TEZSPIRE: Charting a New Course in Severe Asthma and Beyond

The biologics revolution in respiratory and inflammatory medicine has a compelling new chapter, and tezepelumab-ekko marketed as TEZSPIRE is one of its most closely watched protagonists. Co-developed by AstraZeneca and Amgen, this first-in-class monoclonal antibody has moved swiftly from regulatory approval to accelerating commercial momentum, reshaping how clinicians approach severe, uncontrolled asthma and now expanding its reach into additional inflammatory conditions.

A Differentiated Mechanism at the Top of the Cascade

Unlike many biologic competitors that target specific biomarkers such as IL-5 or IgE, TEZSPIRE blocks thymic stromal lymphopoietin (TSLP) an epithelial cytokine positioned upstream of both Type 2 and non-Type 2 inflammatory pathways. This broad upstream suppression means the therapy is effective regardless of a patient's eosinophil count or allergic status, a meaningful clinical distinction in a disease as phenotypically diverse as severe asthma. This breadth of efficacy is central to understanding the drug's commercial potential and forms the backbone of the TEZSPIRE Insight offered by leading market research firms.

Strong Commercial Momentum and Sales Trajectory

The commercial story has been one of rapid acceleration. In 2025, the therapy posted year-over-year sales growth of approximately 52%, while Q4 2025 alone generated around USD 474 million a 60% year-over-year surge driven primarily by volume gains. Analysts tracking the combined Amgen/AstraZeneca franchise estimate that global revenues for 2024 likely fell in the USD 1.5–2 billion range, signalling that the drug has firmly moved past its launch phase into a period of sustained, high-growth commercial uptake. The full picture of this trajectory is laid out in the TEZSPIRE Sales Forecast report from DelveInsight, which maps projected revenues across seven major markets through 2034.

Expanding Indications: A Second Growth Engine

In October 2025, the FDA approved TEZSPIRE as an add-on maintenance therapy for chronic rhinosinusitis with nasal polyps (CRSwNP) in patients aged 12 and older, making it the first and only biologic approved for that indication that targets TSLP. This regulatory milestone, supported by data from the Phase III WAYPOINT trial which demonstrated significant reductions in polyp severity, nasal congestion, and need for surgery at week 52 dramatically expands the addressable patient population.

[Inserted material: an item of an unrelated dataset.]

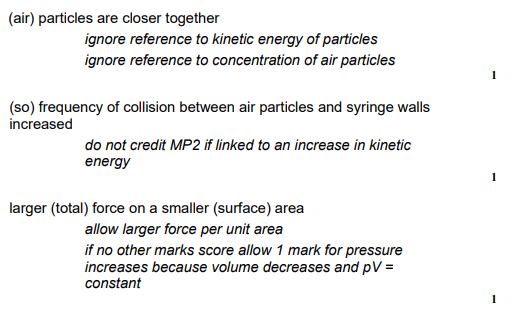 <ul><li><p>Air particles are closer together</p></li><li><p>So frequency of collisions between air particles and syringe walls increased</p></li><li><p>Larger total force on a smaller surface area</p></li></ul><p></p>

Beyond CRSwNP and severe asthma, the pipeline holds potential entries into chronic obstructive pulmonary disease, eosinophilic oesophagitis, and chronic urticaria. These opportunities are carefully mapped within the broader TEZSPIRE Pipeline analysis available to market participants.

Market Size, Dynamics, and Forecast Horizon

The global severe asthma treatment market TEZSPIRE's primary arena was valued at roughly USD 24.3 billion in 2025 and is projected to grow to approximately USD 39.96 billion by 2035. This growth is underpinned by rising diagnosis rates, broader biologic uptake, and significant unmet need among refractory patients who remain inadequately controlled on existing therapies. Understanding the forces shaping this landscape requires a close reading of TEZSPIRE Market Dynamics, which encompasses competitive pressures from IL-5 antagonists and other approved biologics, physician adoption patterns, and the looming influence of late-stage pipeline entrants that could challenge market share in the medium term.

Pricing, Access, and Cost Considerations

For payers and healthcare systems evaluating treatment pathways, a thorough TEZSPIRE Cost Analysis is indispensable. Administered subcutaneously at 210 mg every four weeks via pre-filled pen or syringe, the therapy's per-patient cost varies across geographies based on reimbursement policies, national health technology assessments, and patient access programmes. TEZSPIRE Pricing strategies employed by AstraZeneca and Amgen reflect a premium positioning consistent with first-in-class status, and regional affordability considerations are expected to play an increasingly important role as the market matures and biosimilar competition begins to take shape in the longer term.

Competitive Landscape and Strategic Outlook

Despite its strong positioning, tezepelumab-ekko faces a well-established competitive field that includes mepolizumab, benralizumab, dupilumab, and other biologics with firm market footholds. Its key differentiator the biomarker-agnostic broad label provides a meaningful advantage for patients who do not qualify under more restrictive eligibility criteria. As biosimilar timelines and patent landscapes evolve, the drug's long-term market position will depend on its ability to sustain clinical differentiation, demonstrate real-world value, and successfully execute on its expanding indication strategy. DelveInsight's comprehensive analysis tracks all of these dimensions, equipping strategic decision-makers with the granular intelligence needed to navigate a rapidly evolving immunology market.